That means all backslashes (\) and double quotes (") would be passed
right in. The only other thing the reader need concern itself with,
is that when it sees a \" it should not treat that double-quote as the
end of the pattern, but rather keep on doing until it sees a
double-quote that is not preceded by a backslash. Nevertheless is
would pass both the quoting \ and the following " to Pattern.compile.

That's it. Simple.
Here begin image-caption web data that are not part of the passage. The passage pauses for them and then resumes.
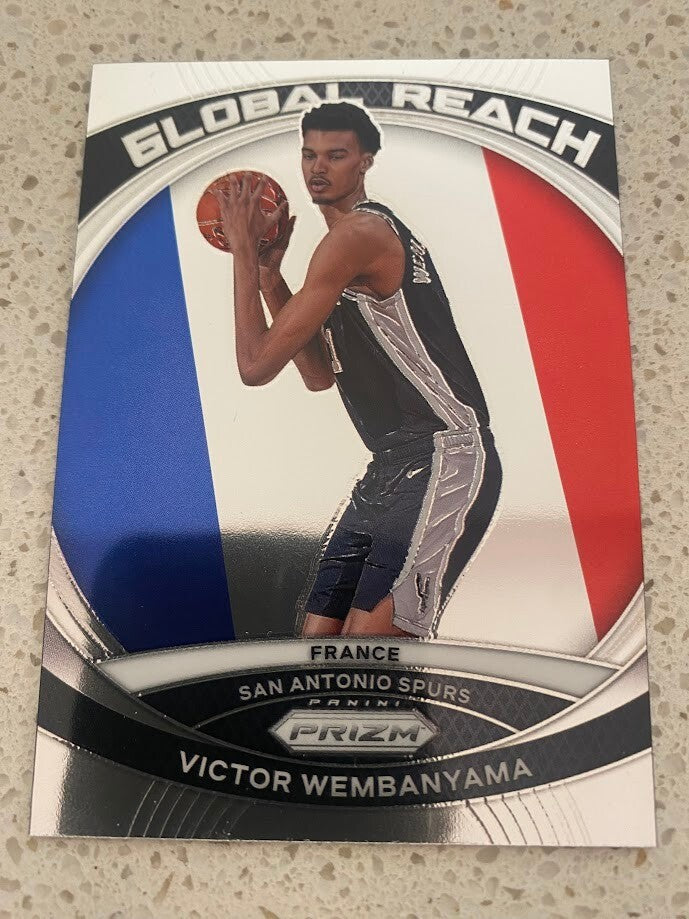 VICTOR WEMBANYAMA-NO.2 (GLOBAL REACH)-2023-24 PANINI PRIZM BASE CARD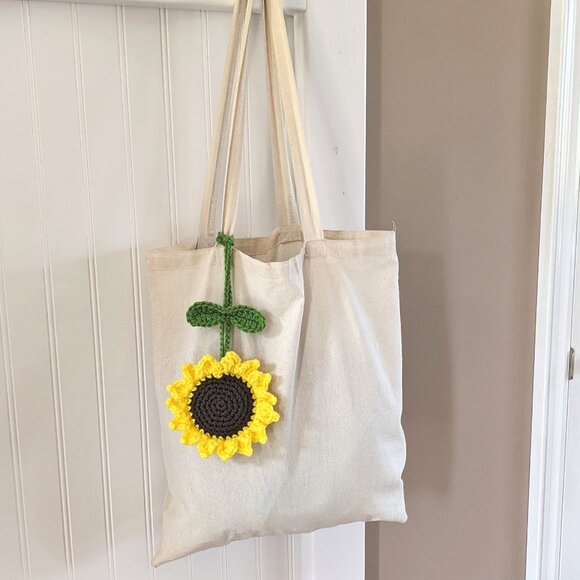 Crochet Sunflower Car Mirror Hanging Charm | Crochet Hanging Accessory - Picture 4 of 10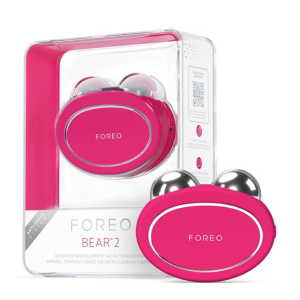 Foreo Bear 2 advanced microcurrent facial toning device in vibrant pink packaging.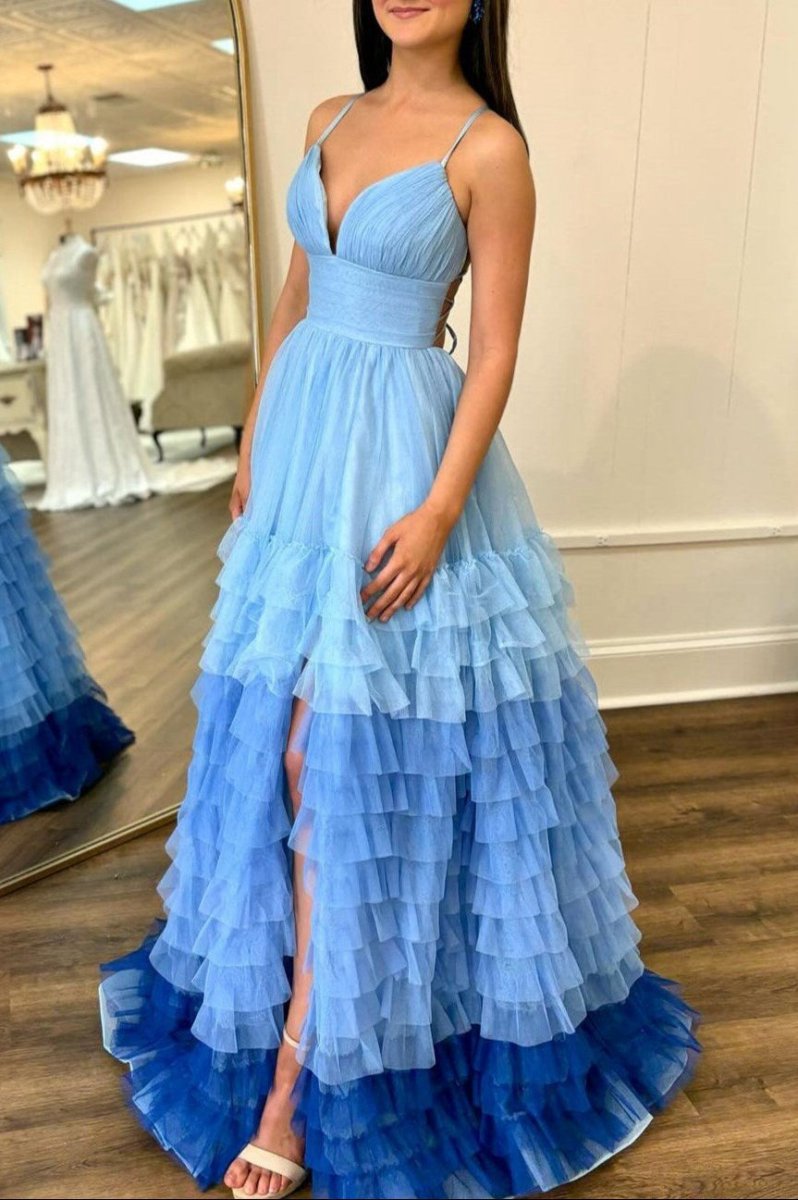 A-line V Neck Tulle Prom Dresses with Slit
It works because Java's Pattern itself understands
backslash quoting, including literal chars like backslash and double
quote, hex and octal patterns, as well as other regex patterns.

Some examples:

1. Simple text
(re-find #"foo" "foo") --> "foo"

2. Pre-defined character class
(re-find #"\w*" "foo!@#$") --> "foo"

3. Special character (regex and string)
(re-find #"\t" "\t") --> "\t"

4. Scary special character (regex only)
Note that the escape sequences available inside #"" are Java Pattern
escape sequences, and therefore by definition different from Clojure
String escape sequences. Of course this is what you need for \w and
such to work:
(re-find #"\a" "\u0007") --> beep ""

5. Special character (string only)
The revere of the previous example -- Clojure strings understand "\b"
as (str \backspace), but Java patterns do not, so this example uses
hex instead:
(re-find #"\x08" "\b") --> "\b"

6. Hex
(re-find #"\x31" "1") --> "1"

7. Octal
(re-find #"\061" "1") --> "1"

8. Word boundary:
(re-find #"\bfoo" "foo") --> "foo"

9. Quoting fun -- double quote, a single character:
(re-find #"\"" "\"") --> "\""

10. Quoting fun -- backslash, a single character:
(re-find #"\\" "\\") --> "\\"

11. Open paren
(re-find #"\(" "(") --> "("

I think this demonstrates you can create any pattern you might need.
For reference, here are the above patterns expressed in the current
(not the proposed) reader syntax:

1. #"foo"
2. #"\\w*"
3. #"\t" or #"\\t"
4. #"\\a" (but #"\a" makes the reader blow up)
5. #"\\x08"
6. #"\\x31"
7. #"\061" or #"\\061"
8. #"\\bfoo" (note #"\bfoo" is legal, but doesn't do what you want)
9. #"\"" or #"\\\"" (but #"\\"" blows up the reader)
10. #"\\\\" (but #"\\" is illegal)
11. #"\\(" (but #"\(" is illegal)

Somehow I'm not sure that communicates how much I dislike the current
syntax. Oh well, maybe others can chime in on that point. I
implemented this to provide the examples above, not because I think
this is a done deal or anything. Please comment!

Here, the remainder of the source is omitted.